Et les auteures de dérouler en arabesques rapides les "affaires" Burroughs, Pollock et Mailer, dans un désordre qui, je dois le dire, ne m'a pas convaincue. Tous ces récits sont mis sur le même plan et comme noyés, "dé- problématisés". Ce qui est désigné - à raison- comme insupportable, via ces exemples, c'est le statut supérieur et idéalisé de l'artiste mâle blanc auquel se sont heurtées toutes celles qui ont voulu exister en tant que créatrices, porteuses en propre de discours, d'expériences -d'une voix. Or, ce statut n'a été, finalement, que légèrement mis à mal et reste le standard dominant. Quant aux violences perpétrées sur les femmes, l'omerta persiste, sauf quand il s'agit d'une célébrité quelconque ou bien qu'un "ailleurs, autrement" peut en porter la responsabilité, dégageant la nôtre du même coup.
Mais il serait injuste de minorer le propos de ce petit livre: l'énergie dégagée par le trait,rockn'roll, et jubilatoire ( Les deux auteures font gentiment leur fête à quelques membres de l'establishment artistique), les références nombreuses à cette histoire de l'art au féminin renouent avec un activisme qui fait écho, de manière soft, aux performances de Mendieta elle-même ( nue, le corps ensanglanté, basculé sur une table) dénonçant le viol d'une étudiante de son campus ou d'autres plasticiennes du body art telle Carole Schneemann. Enfin, une mention spéciale à "Personne d'autre", la préface de Lucy R. Lippard, incontournable dès qu'on veut travailler sur les femmes et l'art au vingtième siècle, aux côtés de Griselda Pollock, Laura Cottingham ou Laura Nochlin, entre autres.
N.B. La galerie Lelong a accompagné son exposition récente d'oeuvres de Mendieta ( septembre 2011) d'une publication; hormis ce texte monographique, je ne vois rien de récent sur cette artiste en français, seul un article dans un Art Press d'il y a dix ans ( merci D. et P.E.) et je ne peux m'empêcher de signaler que le fabuleux catalogue de l'exposition marseillaise "L'art au corps" ne contient ni contribution sur Mendieta, ni aucune mention iconographique de son travail...
"Nous voulons voir Carl Andre à côté d'Ana Mendieta, Lucian Freud à côté d'Alice Neel, Mary Cassat à côté de Degas, Sonia Delaunay à côté de Robert Delaunay, et décider ensuite qui nous préférons. Nous voulons voir Suzanne Valadon à côté d'Utrillo - qu'elle a formé, bon sang! c'était son fils.
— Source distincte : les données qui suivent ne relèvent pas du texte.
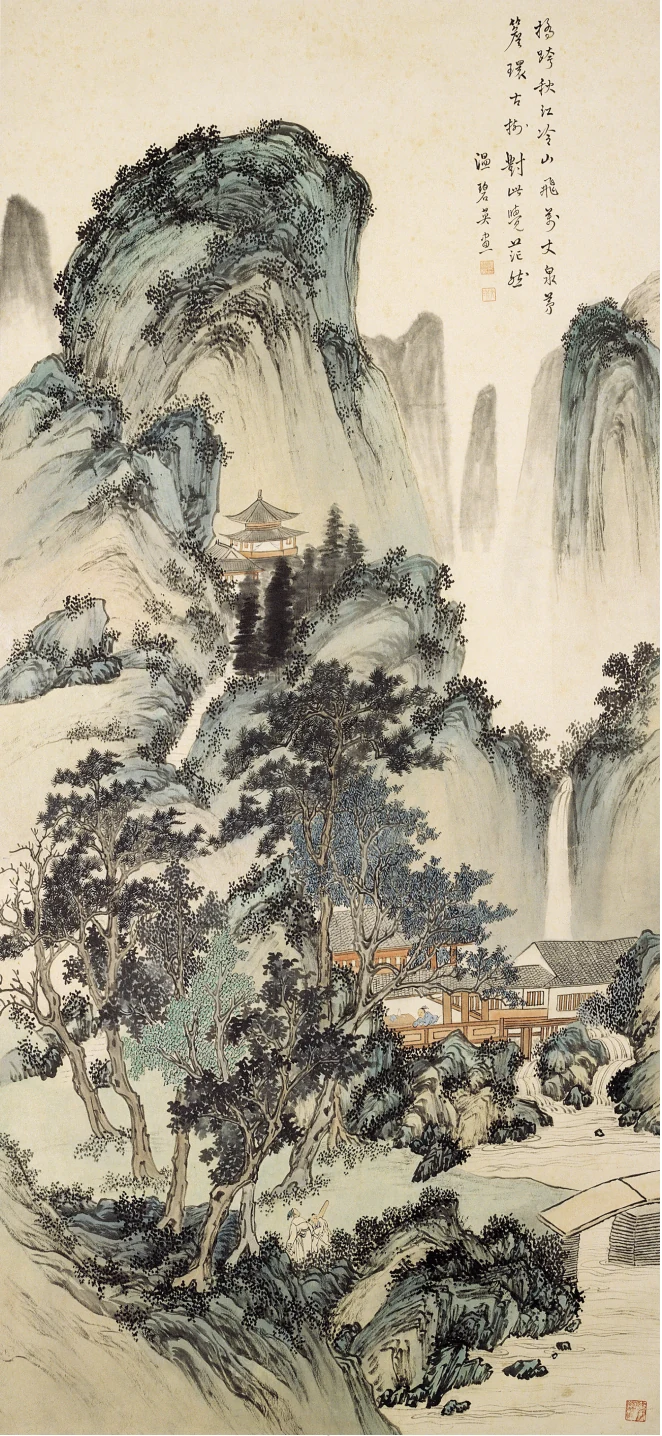 溫碧英《仙山樓閣》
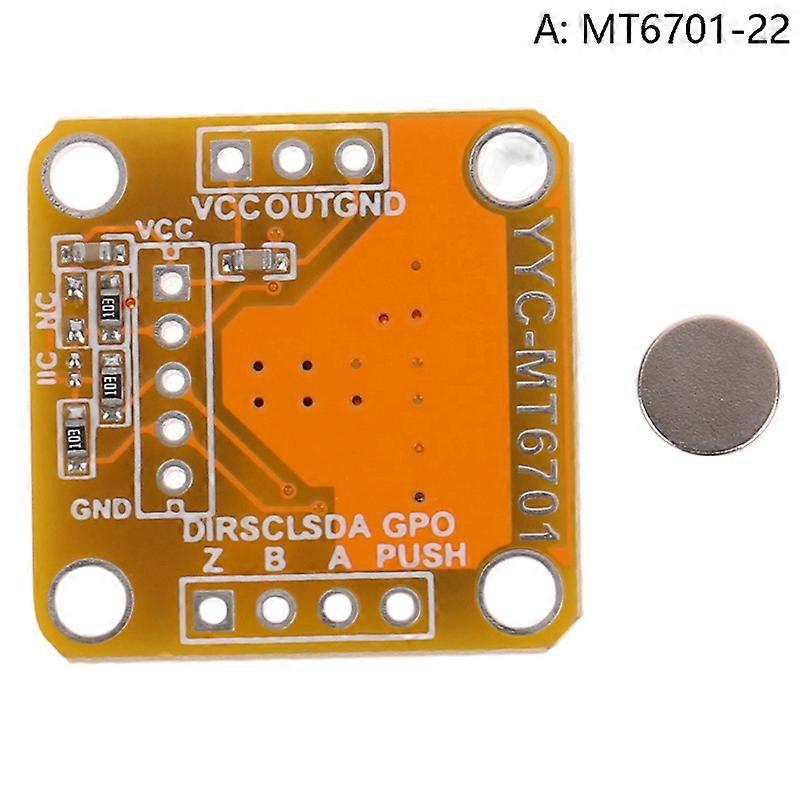 Magnetic Encoder MT6701 Magnetic Induction Angle Measurement Sensor Module 14bit High Precision Can Perfectly Replace AS5600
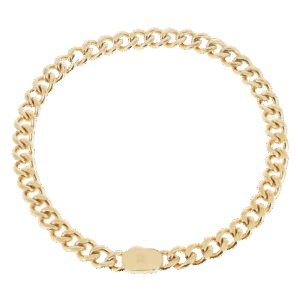 Ester ogrlica od  pozlaćenog čelika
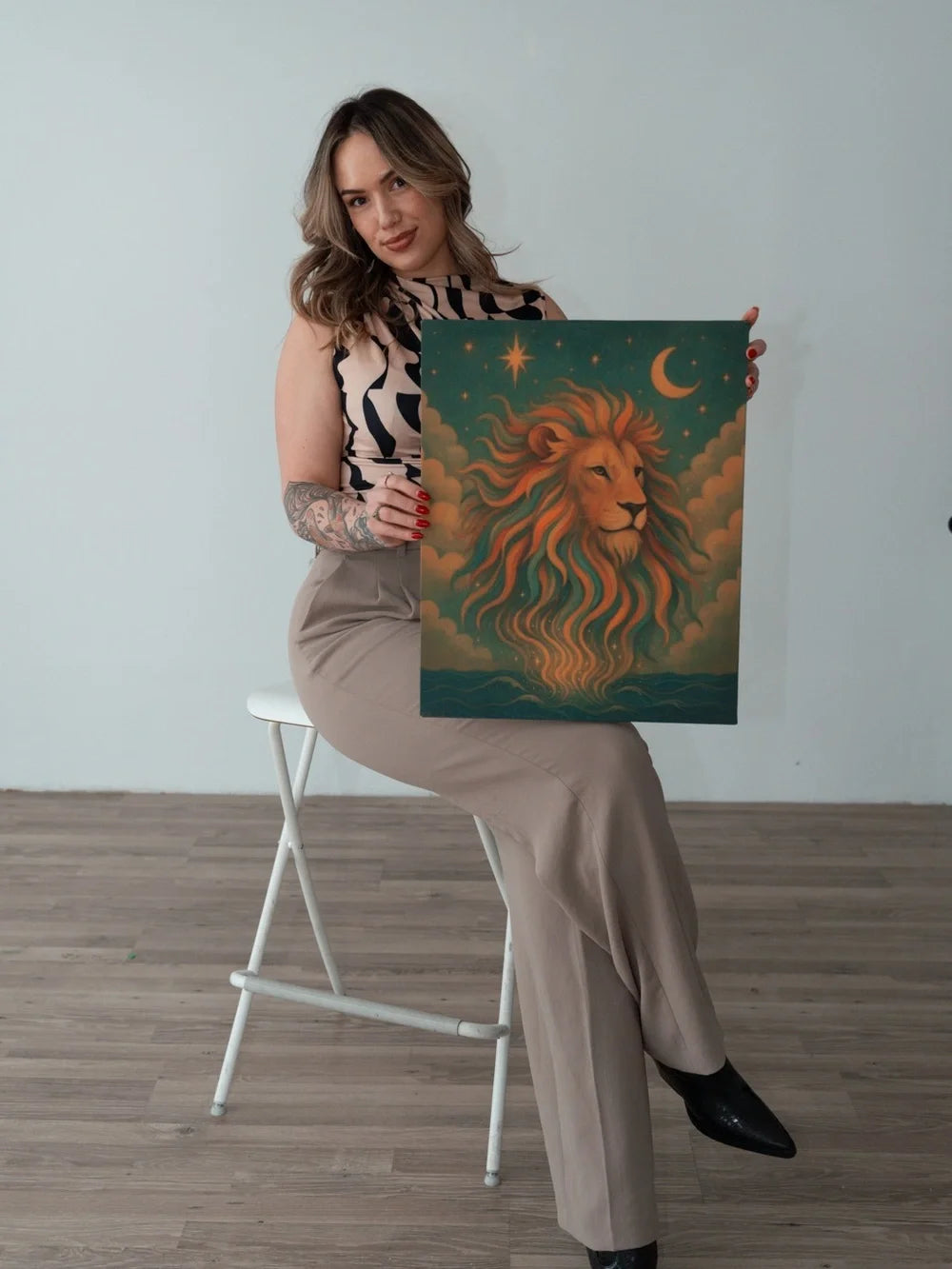 Celestial Lion Canvas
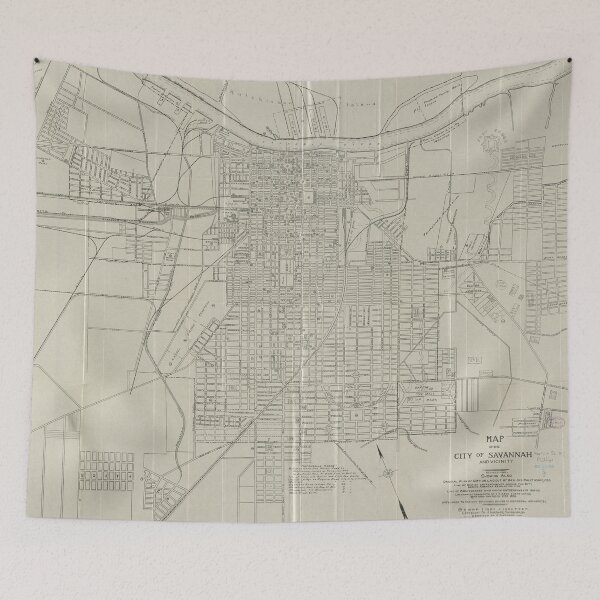 Item preview, Vintage Map of Savannah Georgia (1917) designed and sold by BravuraMedia.
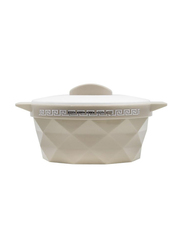 Selvel 2000ml Diamond Casserole, PHPD2.0-BE, Beige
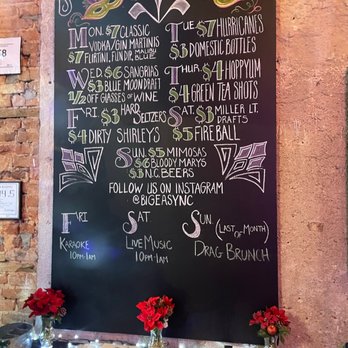 The Big Easy - Drink Specials - Cajun/Creole Near Me - Raleigh, North Carolina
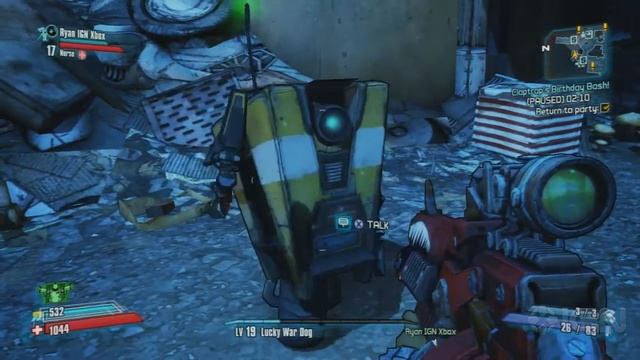 Borderlands 2 Walkthrough - Claptrap's Birthday Bash - Side Missions (Part 31) смотреть онлайн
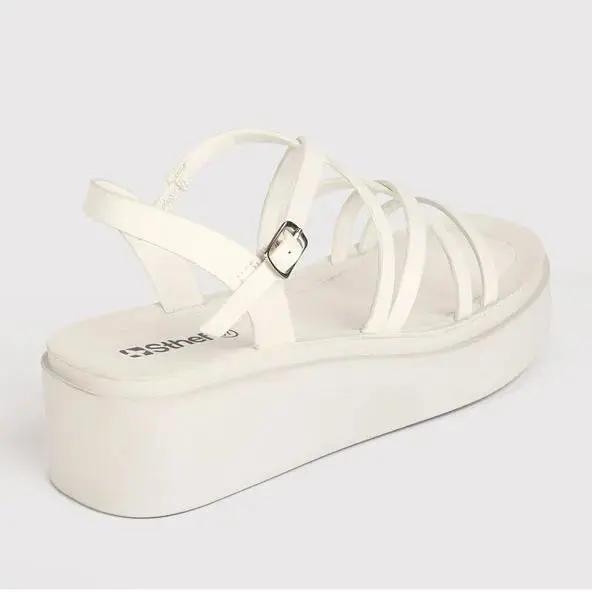SANDALIA MUJER STHEF CASUAL BLANCO 7749 Sthef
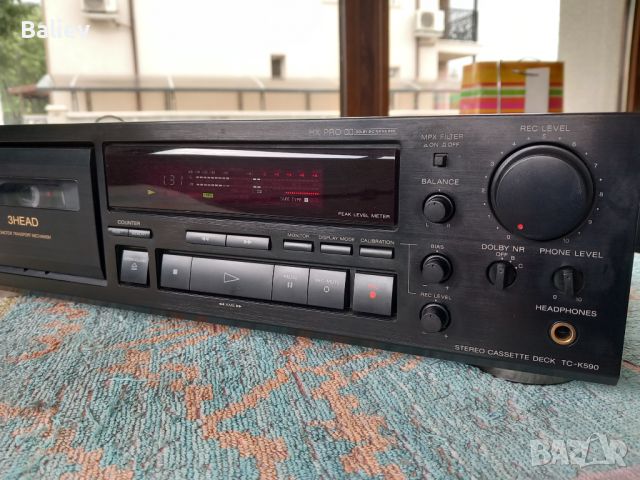SONY TC-K590 3 Head Cassette Deck , снимка 4 - Декове - 45371977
Nous voulons avoir une vue d'ensemble avant de juger, et nous ne voulons pas les regarder en pensant "c'était la seule femme". Nous formons la moitié de la population, occupons la moitié de l'espace. Et même si nous ne produisions que des courtepointes et de la dentelle, accrochons-les au mur et décidons nous-mêmes quelle oeuvre est la plus belle."
Qui est Ana Mendieta?, Christine Redfern et Caro Caron, éditions du remue-ménage, Québec, 2011.